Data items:
********

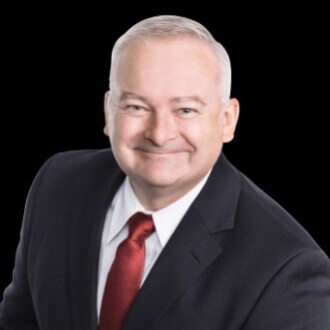 Kevin Lambert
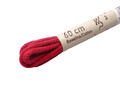 DSC02013-removebg-preview.png Sznurowadła sznurówki 100 % bawełny 60 cm czerwone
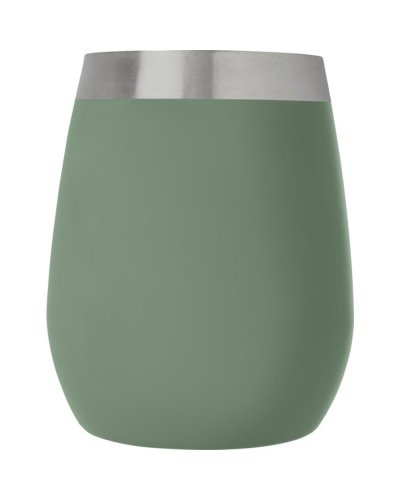 Refrigeratore per vino Tromso Verde melange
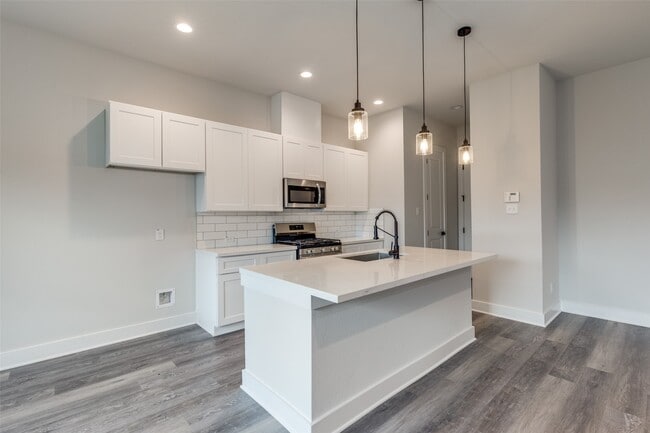 Photo - 13138 Perennial Spgs Dr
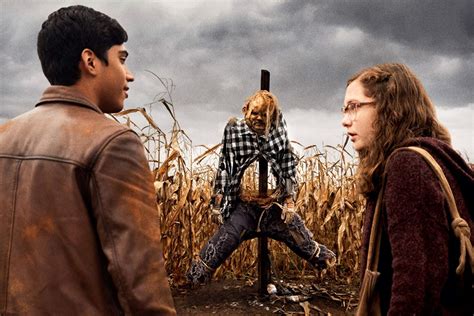 Scary stories to tell in the dark tamilyogi Download Movie Scary Stories to Tell in the Dark (2019) Sub Indo BluRay 480p & 720p mkv movie download mp4 Hindi English Subtitle Indonesia Watch Online Free Streaming on mkvmoviesking mkvcage Full HD Movie Download via google drive, openload, uptobox, upfile, mediafire, mkv movies king, mkvcage – Sinopsis Plot Synopsis Review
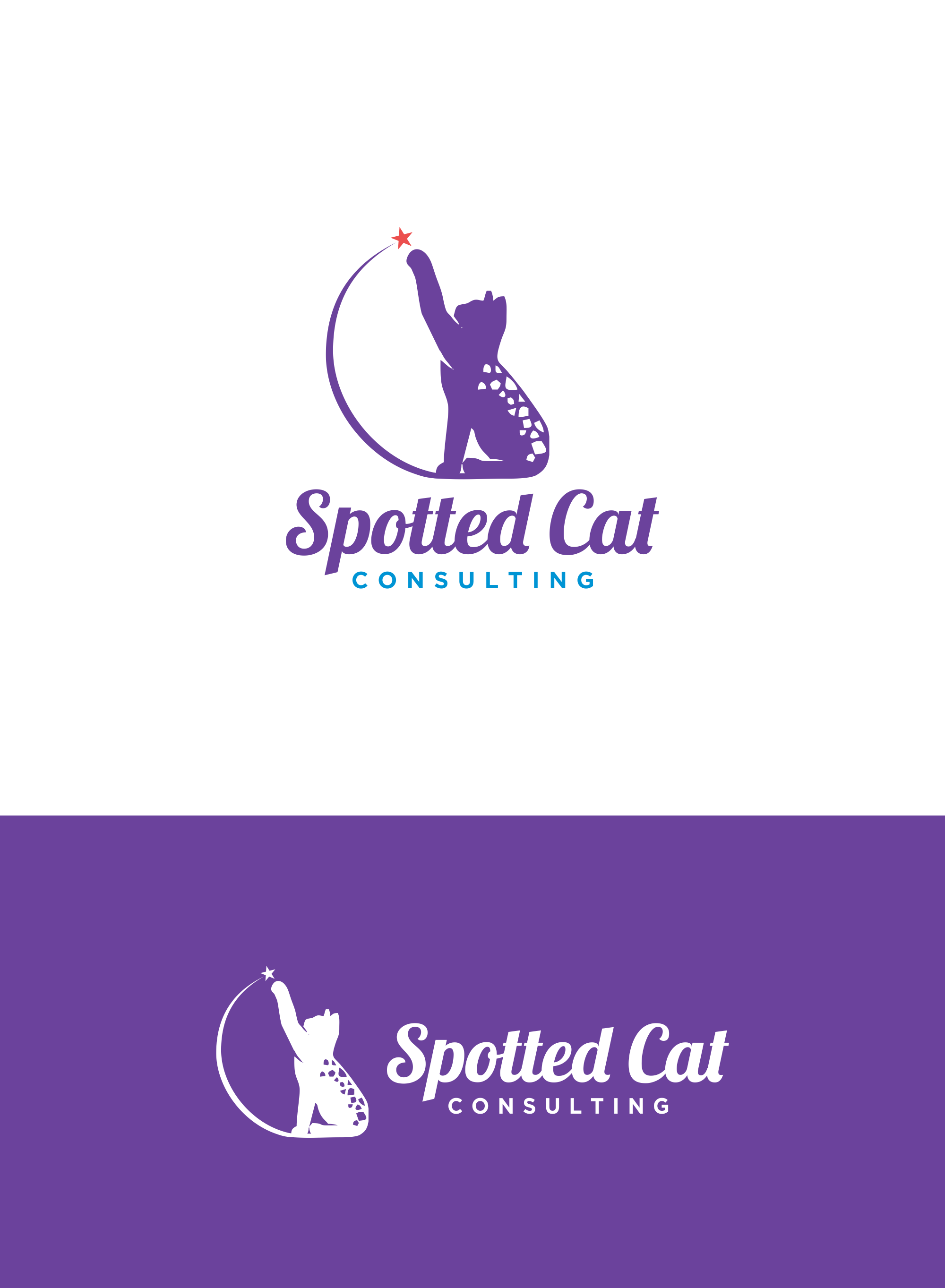 Diseño de Logo por Hendco para este proyecto | Diseño #27274418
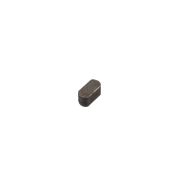 Шпонка призматическая 5x5x10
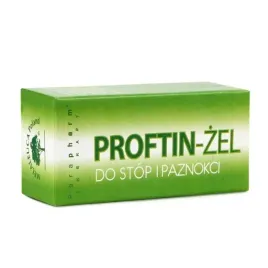 proftin-zel-do-stop-i-paznokci-10g-melaleuca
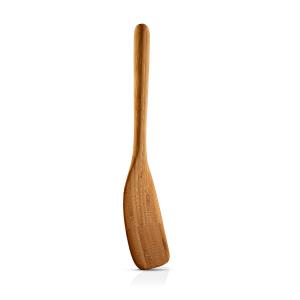 Eva Solo - Nordic Kitchen spatule, bambou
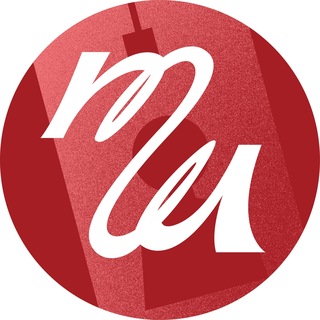 artdesignjob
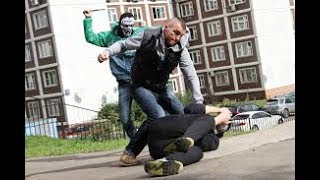 Կ-Փոփեռների Եվ Անտիկեյփոփեռների Միջեվ Պատերազմը Վերջացրեք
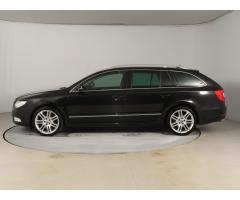 ŠKODA SUPERB COMBI 2.0TDI 140 LAURIN&K 4X4 DSG 7ST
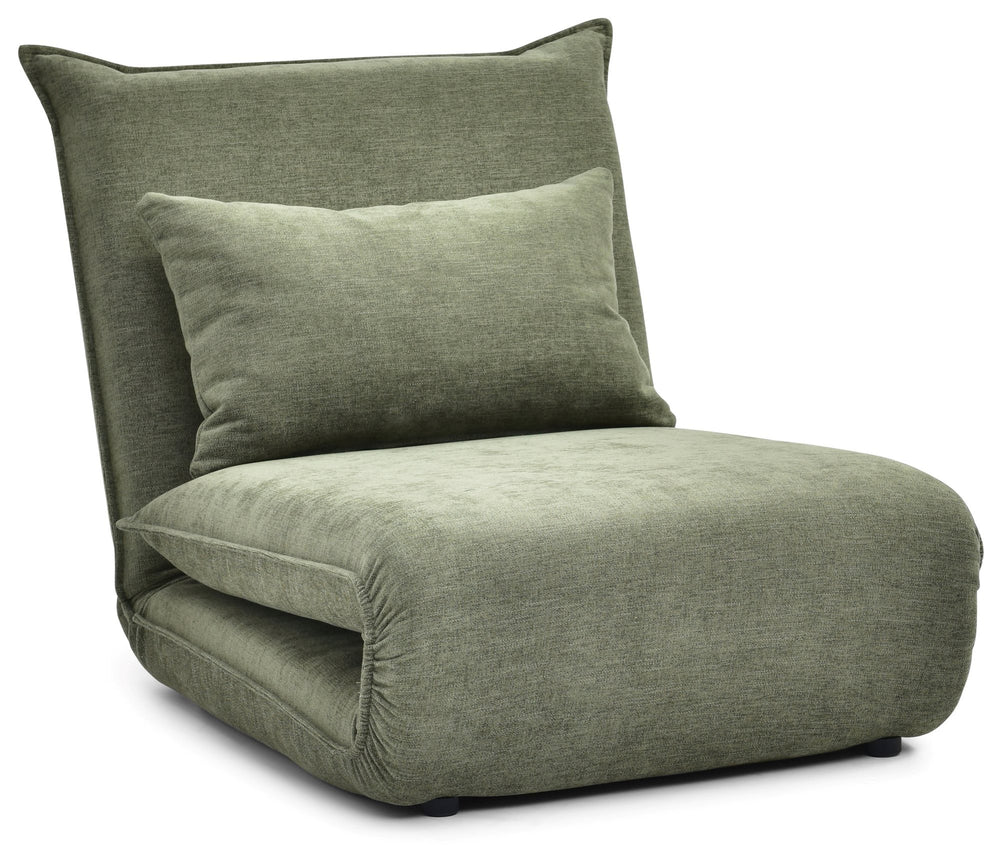 Carter Sofa Bed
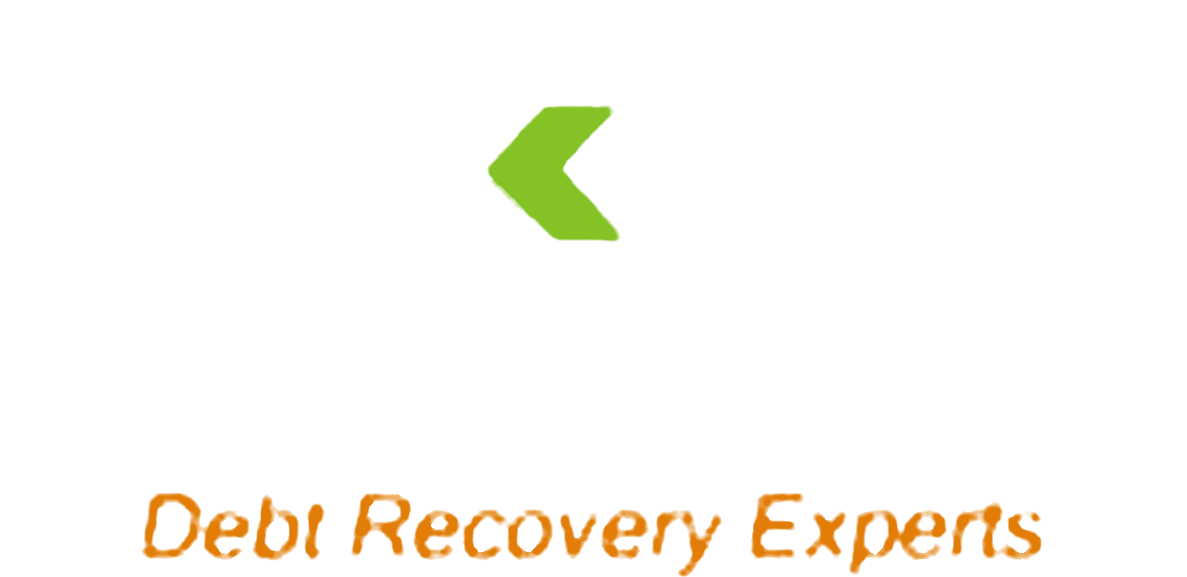Experts Consult Ltd. – Debt Recovery Experts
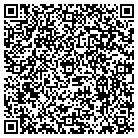 QR code with Wyke's Drive In Cleaners contacts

********

■ **WHAT THE EXERCISE ASKS**: Copy out only the lines from the one containing "DSC02013-removebg-preview.png Sznurowadła sznurówki" to the end of the entries, unchanged. Drop the pictures.

■ **ANSWER SECTION**:
 DSC02013-removebg-preview.png Sznurowadła sznurówki 100 % bawełny 60 cm czerwone
 Refrigeratore per vino Tromso Verde melange
 Photo - 13138 Perennial Spgs Dr
 Scary stories to tell in the dark tamilyogi Download Movie Scary Stories to Tell in the Dark (2019) Sub Indo BluRay 480p & 720p mkv movie download mp4 Hindi English Subtitle Indonesia Watch Online Free Streaming on mkvmoviesking mkvcage Full HD Movie Download via google drive, openload, uptobox, upfile, mediafire, mkv movies king, mkvcage – Sinopsis Plot Synopsis Review
 Diseño de Logo por Hendco para este proyecto | Diseño #27274418
 Шпонка призматическая 5x5x10
 proftin-zel-do-stop-i-paznokci-10g-melaleuca
 Eva Solo - Nordic Kitchen spatule, bambou
 artdesignjob
 Կ-Փոփեռների Եվ Անտիկեյփոփեռների Միջեվ Պատերազմը Վերջացրեք
 ŠKODA SUPERB COMBI 2.0TDI 140 LAURIN&K 4X4 DSG 7ST
 Carter Sofa Bed
Experts Consult Ltd. – Debt Recovery Experts
 QR code with Wyke's Drive In Cleaners contacts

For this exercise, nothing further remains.